Flexible Spending Accounts: Employee
How Much to Place in a Flexible Benefits Plan
After reviewing the list of qualified expenses, try to determine how much you might spend on these expenses during the next plan year. Be conservative in your estimates as any monies that remain in the plan will be forfeited.
The Rollover Options
The new FSA ruling means that the risk of losing your FSA healthcare contributions at the end of the year is reduced. You are now able to roll over up to $500 into the following plan year. Plus, the FSA rollover provision eliminates the mad scramble at the end of the year to spend remaining FSA funds.

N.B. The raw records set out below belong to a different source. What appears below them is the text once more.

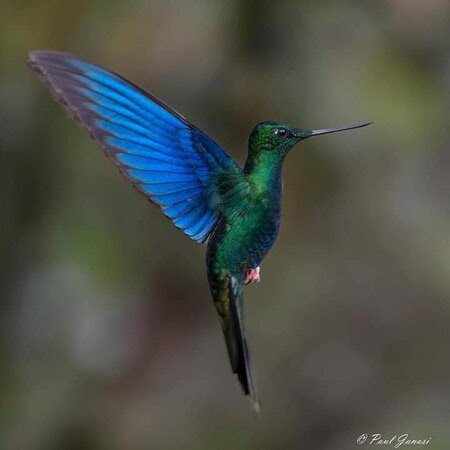 Hummingbird-Green-w-Blue-Wings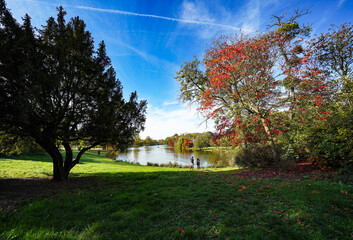 Couple watching the lake of Vincennes Park in a sunny and colorful autumn day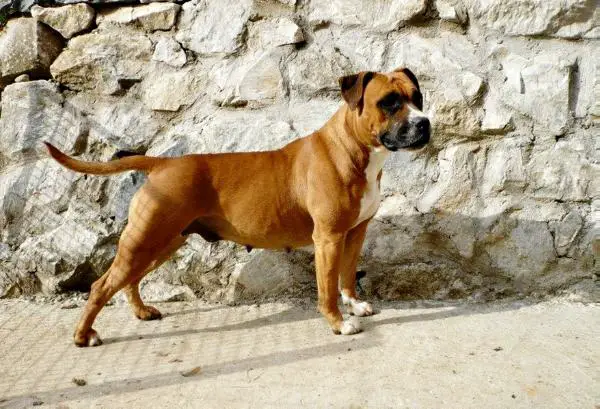 Kala od 1300 Kaplara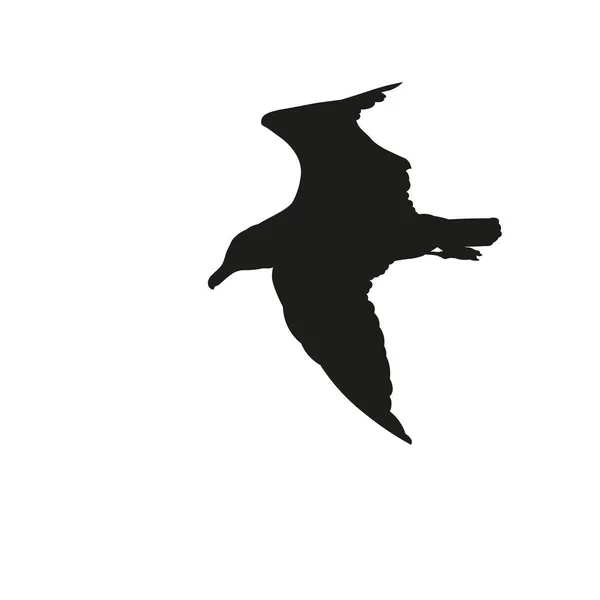 Silhouette d'une mouette volante, image vectorielle dans un style plat — Image vectorielle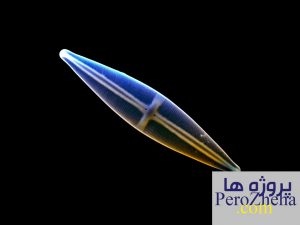 پاورپوینت پلانکتون ها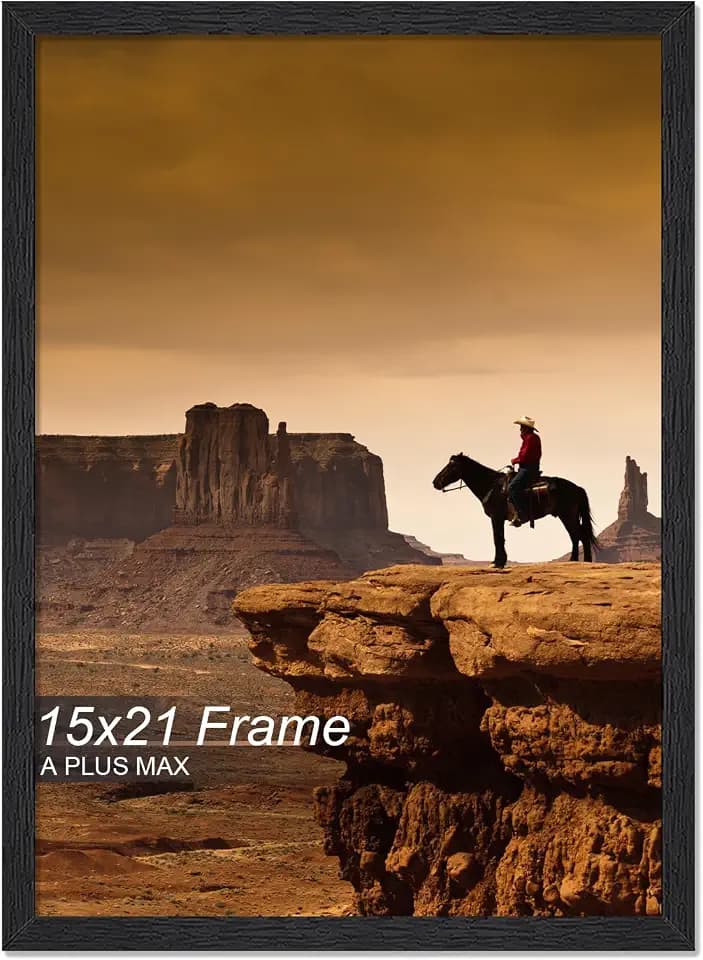 A PLUS MAX 15x21 Picture Frame Black Light Weight Wall Mount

The “Use it or Lose it” Rule
Remember the important “use it or lose it” rule when deciding how much to place in your account: If you contribute dollars to a reimbursement account and do not use all of the monies you deposit, you will lose any remaining balance in the account at the end of the plan year.
Once enrolled, you may not change
To comply with IRS regulations, you may only make a change in your election at the beginning of each plan year. This means you may not make a change in your elections after the open enrollment period, unless you experience a family status change. Examples include marriage, divorce, birth, adoption, death, loss of spouse’s employment, etc.
Social Security Benefits
Any reduction in your taxable pay for Social Security purposes may also lead to a reduction in your Social Security benefits. For most employees, the reduction in Social Security benefits will be insignificant compared to the value of paying lower taxes today.
Adoption Account Benefits
This account is subject to FICA taxes. You save only federal and state income taxes.